Students experience the Catholic faith on a daily basis and participate in The Catechesis of the Good Shepherd, a unique religious formation program based upon Maria Montessori’s spiritual teachings and the traditions of the Roman Catholic Church using Sacred Scripture and Liturgy .
The ultimate goal of a Montessori school is to foster a child’s natural inclination to learn. Montessori teachers “guide” rather than “instruct” by linking a child’s interests, needs, and developmental level. At Cardinal Hickey Academy, we will offer children opportunities to develop their potential as they step out into the world as engaged, competent, responsible, and respectful citizens with an understanding and appreciation that learning is for life.
Sometimes very small children in a proper environment develop a skill and exactness in their work that may surprise us.
Characteristics of Montessori Education
Each child is valued as a unique individual.
Montessori education recognizes that children learn in different ways, and accommodates all learning styles.
Beginning at an early age, Montessori students develop order, coordination, concentration, and independence.
Classroom design, materials, and daily routines support the individual’s emerging “self-regulation” (ability to educate one’s self, and to think about what one is learning), Teachers model respect, loving kindness, and a belief in peaceful conflict resolution. Students show grace and courtesy, and an interest in the welfare of others. “Let me help!” is a common classroom refrain.
Montessori students enjoy freedom within limits.

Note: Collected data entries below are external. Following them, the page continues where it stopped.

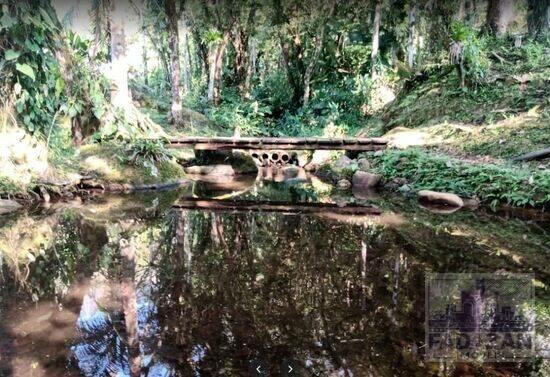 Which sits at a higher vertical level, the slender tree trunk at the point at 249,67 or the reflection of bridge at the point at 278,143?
the slender tree trunk at the point at 249,67

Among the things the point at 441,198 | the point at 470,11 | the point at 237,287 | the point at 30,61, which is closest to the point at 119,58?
the point at 30,61

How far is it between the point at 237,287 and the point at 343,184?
7.32m

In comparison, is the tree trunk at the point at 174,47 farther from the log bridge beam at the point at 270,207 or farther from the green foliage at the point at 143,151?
the log bridge beam at the point at 270,207

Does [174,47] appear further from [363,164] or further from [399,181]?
[399,181]

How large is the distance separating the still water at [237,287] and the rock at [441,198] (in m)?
0.68

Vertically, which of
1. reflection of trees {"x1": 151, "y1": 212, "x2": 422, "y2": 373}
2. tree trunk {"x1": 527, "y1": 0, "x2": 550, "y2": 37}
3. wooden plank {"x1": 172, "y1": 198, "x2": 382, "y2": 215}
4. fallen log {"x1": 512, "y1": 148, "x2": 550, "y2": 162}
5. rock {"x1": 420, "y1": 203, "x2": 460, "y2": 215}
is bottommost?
reflection of trees {"x1": 151, "y1": 212, "x2": 422, "y2": 373}

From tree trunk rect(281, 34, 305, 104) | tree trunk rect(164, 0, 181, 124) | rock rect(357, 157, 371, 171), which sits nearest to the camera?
rock rect(357, 157, 371, 171)

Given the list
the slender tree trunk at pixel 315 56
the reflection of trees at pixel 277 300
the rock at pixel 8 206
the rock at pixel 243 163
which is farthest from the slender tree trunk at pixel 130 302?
the slender tree trunk at pixel 315 56

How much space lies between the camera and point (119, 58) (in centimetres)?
1250

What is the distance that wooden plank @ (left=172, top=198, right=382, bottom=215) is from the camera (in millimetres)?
8234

Working within parameters set by their teachers, students are active participants in deciding what their focus of learning will be. Montessorians understand that internal satisfaction drives the child’s curiosity and interest and results in joyous learning that is sustainable over a lifetime.
Students are supported in becoming active seekers of knowledge.
Teachers provide environments where students have the freedom and the tools to pursue answers to their own questions. Students work together as stewards of their environment. They take turns caring for classroom pets and plants; do their part to maintain order, such as by returning materials to the shelves after use.
Self-correction and self-assessment are an integral part of the Montessori classroom approach.
As they mature, students learn to look critically at their work and become adept at recognizing, correcting, and learning from their errors.
Students are part of a close, caring community.
The multi-age classroom re-creates a family structure. Older students enjoy stature as mentors and role models; younger children feel supported and gain confidence.
Given the freedom and support to question, to probe deeply, and to make connections, children learn how to live in community, to learn independently, to think constructively and creatively: Montessori students become confident, enthusiastic, self-directed learners. They are able to think critically, work collaboratively, and act boldly – a skill set for the 21st century.